The City Council unanimously voted Monday afternoon to approve Carmen Best as the next permanent police chief of the Seattle Police Department. Best, a 26-year veteran of the department, is the first woman of color to lead the nearly 1,500 Seattle police officers.
Best gave brief remarks to the council chambers, which were packed with both members of the police leadership and people expressing support for protecting The Showbox nightclub.
"I had no idea how much support I had," Best said. "It’s great to be supportive in the good times but we are going to have tough times ahead of us too and during those times I look for us all to work together to make sure we are on the same page."
Best's breezy confirmation by the City Council Monday formed a clear contrast to the turbulence of her nomination process, which saw her go from out of the running to the shoo-in candidate.
Councilmember Lorena Gonzalez acknowledged Monday the dramatic nature of the nomination process.
“Chief Best, I know the path and journey through the selection process was not an easy one for you, I’m hoping the confirmation process was a lot easier,” Gonzalez said. "I know that as a woman of color we know what it's like to persevere and to succeed even when the odds are stacked against us."

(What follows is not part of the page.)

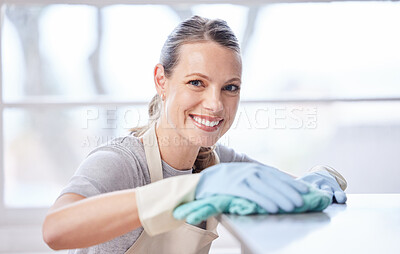 Buy stock photo Hygiene, portrait and woman wipe kitchen counter with cloth for cleaning, remove bacteria or chores. Smile, sanitizer and person with spray bottle for housekeeping, detergent or disinfect in home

Best has been the interim police chief since December of last year when then-Police Chief Kathleen O'Toole quit the job. Best, who was the deputy chief before becoming the interim head of the department, was seen as a frontrunner for the permanent police chief position and was included on a list of five finalists pulled together by a 25-member search committee this Spring.

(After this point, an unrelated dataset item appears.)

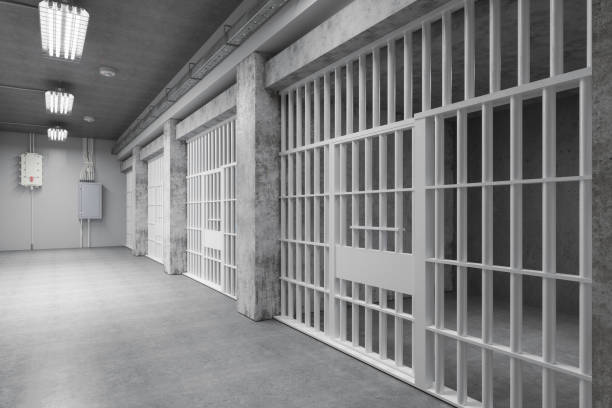 istock Close-up Of Prison Cells And Empty Corridor 2187283755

But Best's name was notably absent when a second search committee appointed by Mayor Jenny Durkan selected three finalists from the original list of five. All three finalists were from out of town, something former Councilmember and Mayor Tim Burgess said at the time was seen as necessary for moving the department forward with reforms.

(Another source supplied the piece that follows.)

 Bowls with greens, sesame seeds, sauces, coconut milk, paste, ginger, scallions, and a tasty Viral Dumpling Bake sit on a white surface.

Best's absence immediately drew condemnation from her broad base of support, which stretches from rank and file officers and their police union to police reform advocates like Andre Taylor. The Community Police Commission, a city commission that acts as a citizen voice on police issues, was particularly angry over Best's removal from the finalists list.
Durkan initially defended Best's removal from the finalist list but then news broke on a Saturday in July—first by the Seattle Times' Steve Miletich and later in a late Saturday press release from the mayor's office—that Best was back in the running for the police chief position after one of the other three finalists, former Pittsburgh Police Chief Cameron McLay, had withdrawn his name from consideration.
Durkan said at an informal press conference the following Monday, on the federal courthouse steps in downtown Seattle, that she had told McLay that she wanted him to have a job in the department.
"It had been clear that his real passion would prefer to be on the reform side than the chief side and we agreed that would be a good thing and he decided to formally withdraw," Durkan said.
Stephanie Formas, a spokesperson for Durkan's office, said McLay is in Seattle this week meeting with Best and Durkan.
"He has not signed a contract but he’s in town this week to meet with the Mayor and the Chief," Formas said in an e-mail.
The one surprise vote on Monday was when Councilmember Kshama Sawant voted to approve Best, which she made clear was not a vote in support of the American police system.
"My yes vote does not represent a vote of confidence that the fundamental systemic changes will be carried out," Sawant said.
Sawant made it clear that she was unhappy with the way the nomination process played out under Durkan.
"Without the movement's activists standing up and protesting the secretive and racist process which initially sidelined Best, we would be having a very different conversation today," Sawant said.